◆ Required work:
Nothing outside the range below should be printed. Output exactly the lines from the line with "Jonge knappe Amerikaanse" to the line with "May include: A cream-colored", both included.

◆ Provided records:
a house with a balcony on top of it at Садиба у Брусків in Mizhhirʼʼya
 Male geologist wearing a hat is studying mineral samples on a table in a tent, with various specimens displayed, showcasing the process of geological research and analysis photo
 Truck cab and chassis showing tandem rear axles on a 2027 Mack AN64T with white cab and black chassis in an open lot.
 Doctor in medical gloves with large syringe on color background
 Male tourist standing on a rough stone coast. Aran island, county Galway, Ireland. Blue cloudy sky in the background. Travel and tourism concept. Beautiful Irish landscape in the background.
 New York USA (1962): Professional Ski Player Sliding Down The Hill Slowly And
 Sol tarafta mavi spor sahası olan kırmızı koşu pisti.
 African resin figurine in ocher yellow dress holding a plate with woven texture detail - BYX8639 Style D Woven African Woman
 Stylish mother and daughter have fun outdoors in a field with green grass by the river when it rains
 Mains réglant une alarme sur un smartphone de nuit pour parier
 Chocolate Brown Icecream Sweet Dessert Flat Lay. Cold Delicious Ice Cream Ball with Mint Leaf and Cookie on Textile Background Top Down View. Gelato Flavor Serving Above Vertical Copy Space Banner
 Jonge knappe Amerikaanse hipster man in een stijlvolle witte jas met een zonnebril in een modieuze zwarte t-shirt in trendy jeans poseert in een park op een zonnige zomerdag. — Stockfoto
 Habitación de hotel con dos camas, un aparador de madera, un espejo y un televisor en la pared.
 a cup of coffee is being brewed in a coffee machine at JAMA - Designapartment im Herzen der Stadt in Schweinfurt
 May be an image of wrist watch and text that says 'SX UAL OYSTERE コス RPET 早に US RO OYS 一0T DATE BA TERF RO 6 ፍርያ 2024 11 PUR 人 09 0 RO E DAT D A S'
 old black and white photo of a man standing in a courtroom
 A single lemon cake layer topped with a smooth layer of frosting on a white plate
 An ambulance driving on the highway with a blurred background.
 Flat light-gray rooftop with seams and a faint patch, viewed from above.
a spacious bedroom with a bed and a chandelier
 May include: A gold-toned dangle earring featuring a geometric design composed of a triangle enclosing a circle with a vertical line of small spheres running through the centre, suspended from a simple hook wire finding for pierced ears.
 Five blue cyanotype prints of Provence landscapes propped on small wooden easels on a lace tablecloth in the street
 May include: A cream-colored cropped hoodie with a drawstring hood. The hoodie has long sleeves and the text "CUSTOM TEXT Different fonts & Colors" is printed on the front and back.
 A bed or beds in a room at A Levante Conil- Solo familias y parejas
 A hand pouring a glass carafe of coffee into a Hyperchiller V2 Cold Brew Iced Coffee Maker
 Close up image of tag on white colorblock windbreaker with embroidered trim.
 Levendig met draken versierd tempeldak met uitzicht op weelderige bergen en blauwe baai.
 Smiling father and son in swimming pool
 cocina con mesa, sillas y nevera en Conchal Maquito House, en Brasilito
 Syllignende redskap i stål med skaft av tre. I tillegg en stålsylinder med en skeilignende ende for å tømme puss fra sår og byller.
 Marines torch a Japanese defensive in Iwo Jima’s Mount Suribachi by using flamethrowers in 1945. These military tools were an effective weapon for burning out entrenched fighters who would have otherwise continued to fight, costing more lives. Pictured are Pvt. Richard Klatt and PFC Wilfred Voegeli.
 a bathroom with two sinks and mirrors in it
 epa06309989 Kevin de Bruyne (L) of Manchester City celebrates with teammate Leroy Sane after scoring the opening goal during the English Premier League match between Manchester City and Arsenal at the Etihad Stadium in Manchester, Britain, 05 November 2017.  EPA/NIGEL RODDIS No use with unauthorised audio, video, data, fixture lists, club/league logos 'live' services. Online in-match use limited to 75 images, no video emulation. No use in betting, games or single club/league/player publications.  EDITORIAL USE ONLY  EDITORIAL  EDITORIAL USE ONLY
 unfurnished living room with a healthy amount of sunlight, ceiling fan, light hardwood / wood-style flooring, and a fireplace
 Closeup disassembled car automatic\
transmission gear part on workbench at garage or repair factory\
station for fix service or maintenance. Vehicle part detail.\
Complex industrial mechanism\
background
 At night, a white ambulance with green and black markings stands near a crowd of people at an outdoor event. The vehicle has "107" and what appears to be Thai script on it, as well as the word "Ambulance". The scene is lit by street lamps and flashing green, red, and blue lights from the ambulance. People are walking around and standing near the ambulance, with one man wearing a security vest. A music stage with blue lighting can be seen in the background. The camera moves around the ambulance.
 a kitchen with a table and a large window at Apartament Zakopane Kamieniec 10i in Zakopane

◆ Response for this exercise:
 Jonge knappe Amerikaanse hipster man in een stijlvolle witte jas met een zonnebril in een modieuze zwarte t-shirt in trendy jeans poseert in een park op een zonnige zomerdag. — Stockfoto
 Habitación de hotel con dos camas, un aparador de madera, un espejo y un televisor en la pared.
 a cup of coffee is being brewed in a coffee machine at JAMA - Designapartment im Herzen der Stadt in Schweinfurt
 May be an image of wrist watch and text that says 'SX UAL OYSTERE コス RPET 早に US RO OYS 一0T DATE BA TERF RO 6 ፍርያ 2024 11 PUR 人 09 0 RO E DAT D A S'
 old black and white photo of a man standing in a courtroom
 A single lemon cake layer topped with a smooth layer of frosting on a white plate
 An ambulance driving on the highway with a blurred background.
 Flat light-gray rooftop with seams and a faint patch, viewed from above.
a spacious bedroom with a bed and a chandelier
 May include: A gold-toned dangle earring featuring a geometric design composed of a triangle enclosing a circle with a vertical line of small spheres running through the centre, suspended from a simple hook wire finding for pierced ears.
 Five blue cyanotype prints of Provence landscapes propped on small wooden easels on a lace tablecloth in the street
 May include: A cream-colored cropped hoodie with a drawstring hood. The hoodie has long sleeves and the text "CUSTOM TEXT Different fonts & Colors" is printed on the front and back.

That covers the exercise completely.